Shyam Gollakota, associate professor at the University of Washington (UW) in the US said, “We have built what we believe is the first functioning cell phone that consumes almost zero power”.
The study that was published in the journal 'Proceedings of the Association for Computing Machinery on Interactive, Mobile, Wearable and Ubiquitous Technologies', researchers have eradicated the quest the better batteries.
The prototype phone, built with off-the-shelf components, takes advantage of tiny vibrations in a phone’s microphone or speaker that occur when a person is talking into a phone or listening to a call.
To transmit speech, the phone uses vibrations from the device’s microphone to encode speech patterns in the reflected signals. To receive speech, it converts encoded radio signals into sound vibrations that are picked up by the phone’s speaker.

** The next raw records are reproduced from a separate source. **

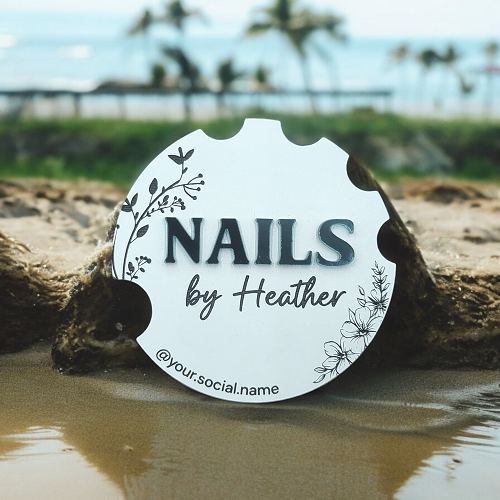 nailfie disc with flowers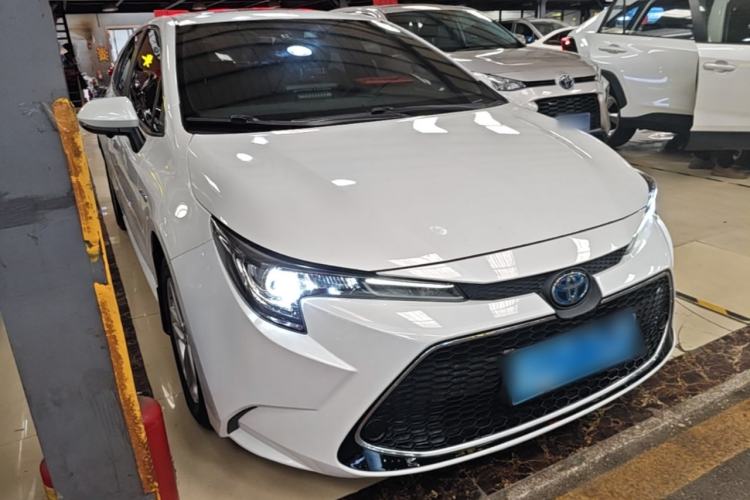Used Toyota Levin 2021 Dual-Engine 1.8H E-CVT Luxury Edition Front Right 45 Deg
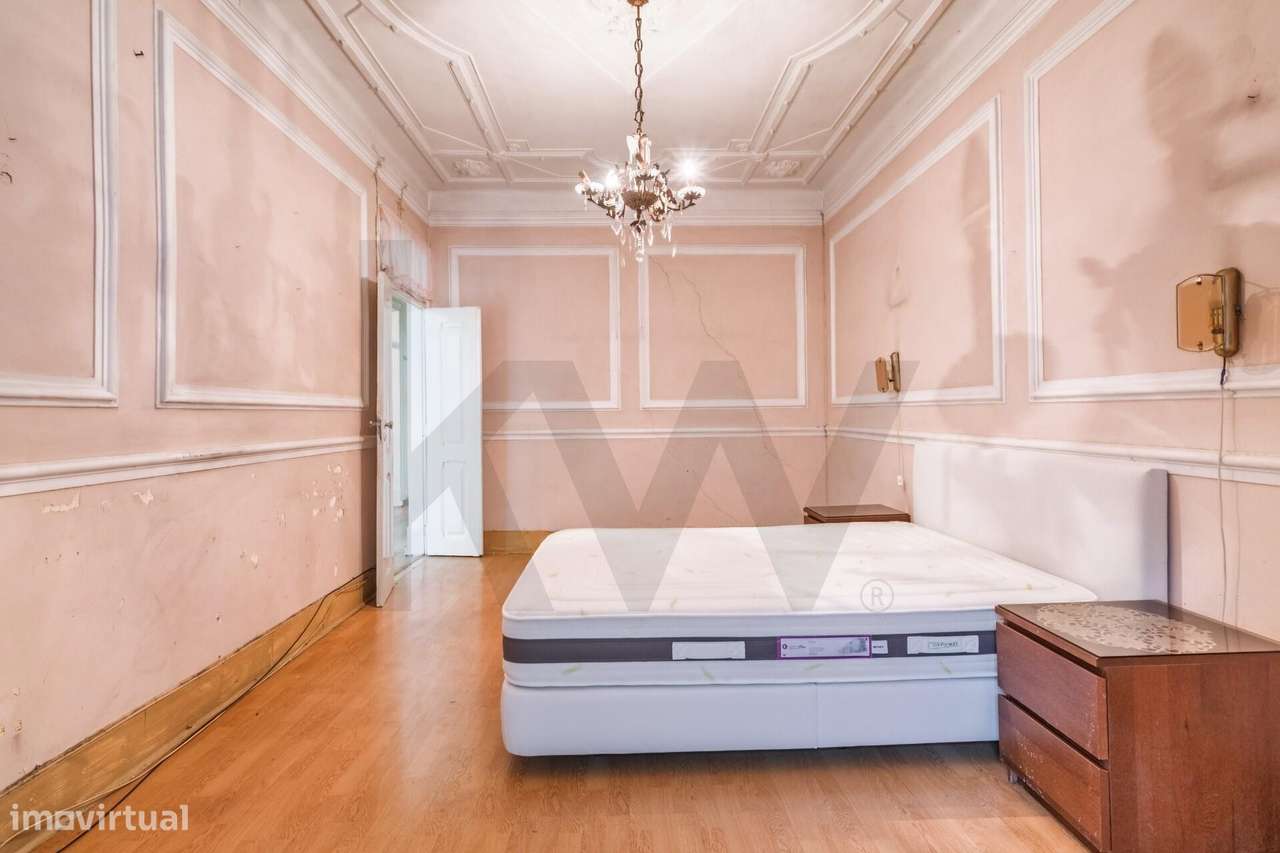 T3 com Logradouro 47m2 | 195m2 | Arroios | Metro | Para Renovar - Grande imagem: 5/24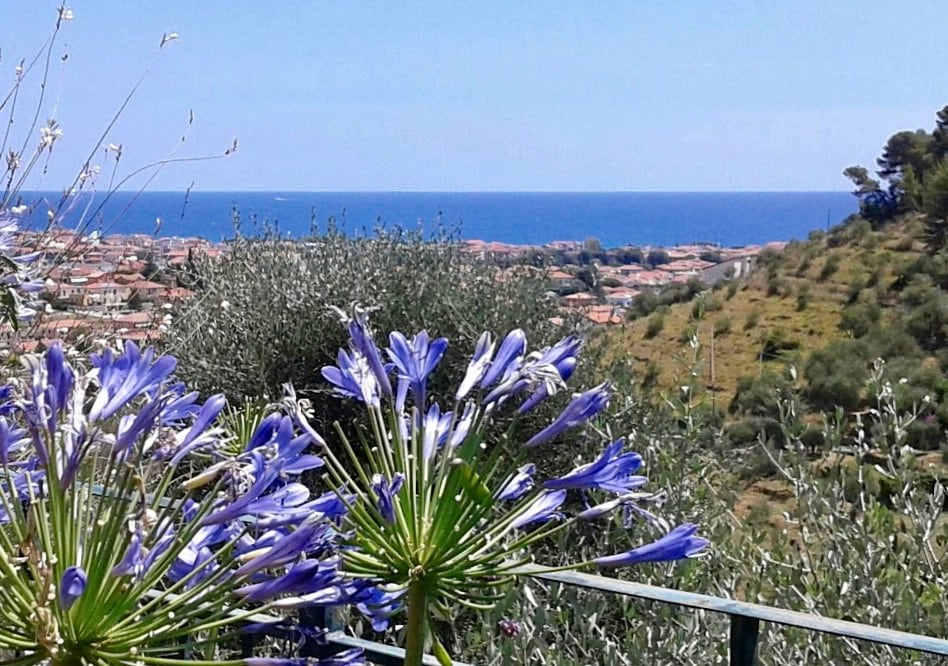 great sea view- families- cyclists- garden/parking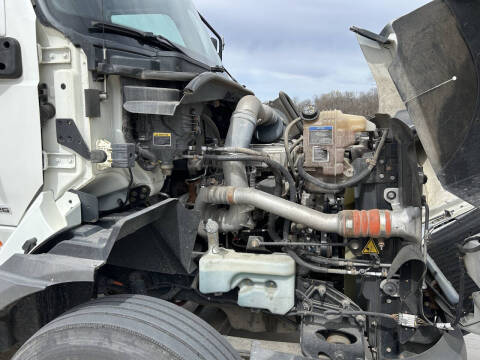 2019 International RH613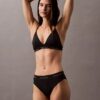 Moderner Bikini-Slip mit Logo als Unterteil Moderner Bikini-Slip mit Logo als Unterteil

In the prototype device, the user presses a button to switch between these two ‘transmitting’ and ‘listening’ modes, researchers said.
The phone must rely on a nearby base station that relays its signal to the cellular network, in this case via Skype. The base station provides the bulk of the phone’s operational power, which the phone harvests from radio signals.
This technology conceivably could be integrated into standard cellular network infrastructure or Wi-Fi routers now commonly used to make calls.
“You could imagine in the future that all cell towers or Wi-Fi routers could come with our base station technology embedded in it, and if every house has a Wi-Fi router in it, you could get battery-free cell phone coverage everywhere”, said Vamsi Talla, a research associate at UW.
The battery-free phone does still require a small amount of energy to perform some operations. The prototype has a power budget of 3.5 micro-watts.